Gilbreth, Inc.

Gilbreth, Inc. was an early management consulting firm founded by Frank Bunker Gilbreth, Sr. and wife Lillian Moller Gilbreth. It was primarily an operation of the two founders.

The firm's methodlogy focused on efficiency through a "Time and Motion" approach, better known as motion studies. Its analysis and reports included reduction of effort and fatigue, with precursors to ergonomics.[1] The resulting recommendations focused on "one best way," an approach at odds with the later quality improvement movement. The Gilbreth approach also diverged from Taylorism, another early business/work efficiency model, primarily in its consideration of human factors.[2]

Gilbreth Inc.'s innovations were largely due to the marriage of engineering and industrial psychology[3] reflected from the marriage of its founders, who were respective experts in these fields.

The firm was founded in 1911 in Providence, Rhode Island, and later moved to Montclair, New Jersey. Gilbreth, Inc. survived the death of Frank Gilbreth in 1924, and continued until Lillian Gilbreth's retirement in the 1960s.[3]

References

  1. Dempsey, P.G. (2006). "Scientific Management Influences on Ergonomic Analysis Techniques". In Waldemar Karwowski. International Encyclopedia of Ergonomics and Human Factors. 3 (2nd ed.). CRC Press. pp. 3354–3356. ISBN 978-0-415-30430-6.
  2. Dean, Carol Carlsoon (2003).
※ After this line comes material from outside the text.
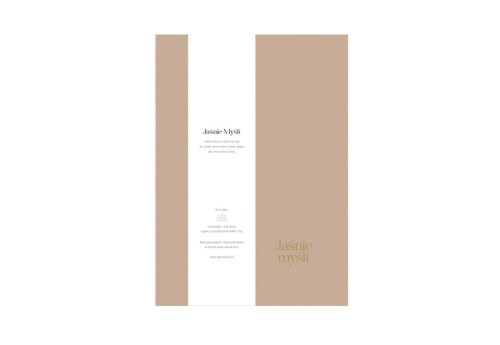 Jaśnie Myśli - Dziennik Kawowy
Wood, Michael C; John Cunningham, ed. "Primer of Scientific Management by Frank B. Gilbreth: a response to publication of Taylor's Principles in The American Magazine". Frank and Lillian Gilbreth: Critical Evaluations in Business and Management. London & New York: Routledge (Taylor & Francis Group). 1: 106–120. Retrieved 9 October 2015.
  3. 1 2 "Mother of Modern Management". San Diego Supercomputer Center. University of California at San Diego. Retrieved 9 October 2015.